I speak of course as one who has never pretended to be un-tainted. Yet there is and must be a difference though between those who play games with the gospel of God and those who are genuinely unabashedly hypocritical. The corridors of God’s eternal love will be filled with those, like sullen Elijah or petulant Elisha, grumpy Job or impulsive Peter, doubting Thomas or irritable Paul, those have stumbled along with all their flaws sincerely seeking to serve God. There have been a myriad Christ-bearers through history, those who genuinely stumble, genuinely seek to find God in that very stumbling, genuinely seek again and again to turn their face to the searing light, transfiguring light and redeeming love that is found in the welcoming arms, the manaakitanga*** of the divine Trinity.
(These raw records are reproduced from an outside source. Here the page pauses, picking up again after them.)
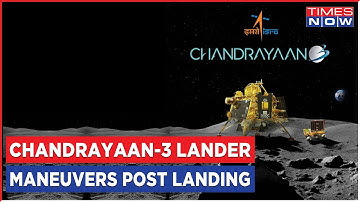 Chandrayaan-3 Vikram Lander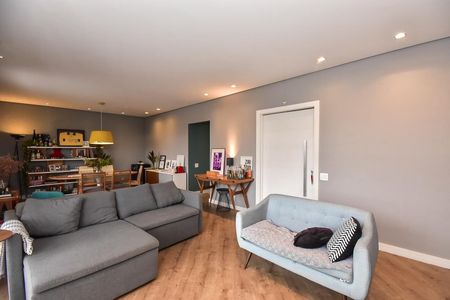 Apartamento para alugar com 170m², 4 quartos e 3 vagasSala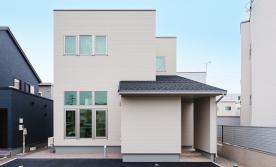 【函館市】CENTURY石川「蔵のある家」モデル公開!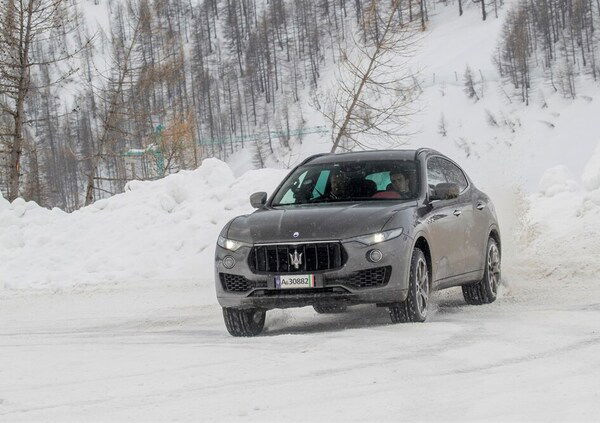 Maserati al Salone di Ginevra 2018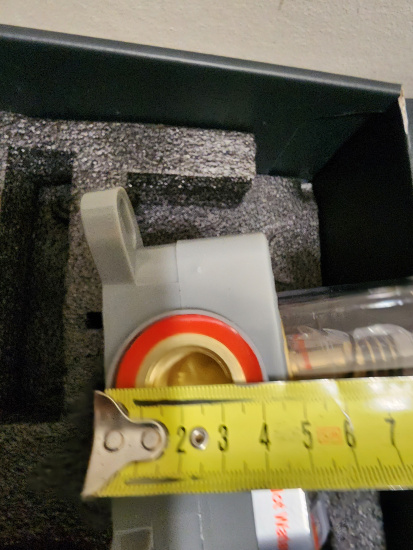 Гигиенический душ Boheme Uno 467-GM со смесителем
There will also sadly be those who lie or conveniently replicate the lies of others, who deliberately deceive, cover the traces of their errors or deception, and do their best to maintain public profile as squeaky-clean executive servants of Christ. Anything to achieve their intentions! Faced with these people we must sometimes just fall back on a doctrine of judgement: the God who, as Jesus puts it, sees in private will in the eternities to come expose, then lance, and only then heal their hypocrisies. Somehow – though we are called to allow God alone to be the judge, we must still find ways to scan the human heart, to look for the best, to look to restore and redeem rather than to condemn
Above all we must look to ourselves. Do we play games with God, attempt to shield ourselves from the gaze of God, re-create God in the image that suits us? I hope and pray not. As the world of fundamentalist US nationalistic Christianity, which has placed the flag of America into the rightful place of the Cross of Jesus, as that form of Christianity collapses under the weight of its own hypocrisy – as colonial mainstream Christianity has also had to do in decades past – we must look to our own mission. We must, as some of us will say on Ash Wednesday, turn to Christ and be faithful to him. In doing so we must allow the Spirit to strip away our falsehoods and our game-playing. We must ensure even these words are not empty, finding ways to seek out and serve Jesus in the lives of those who are hurting. We must, as the Spirit tells the flummoxed disciples at the mount of Transfiguration, “listen to Jesus.” And in our daily lives we must accidentally demonstrate that this is what we are doing.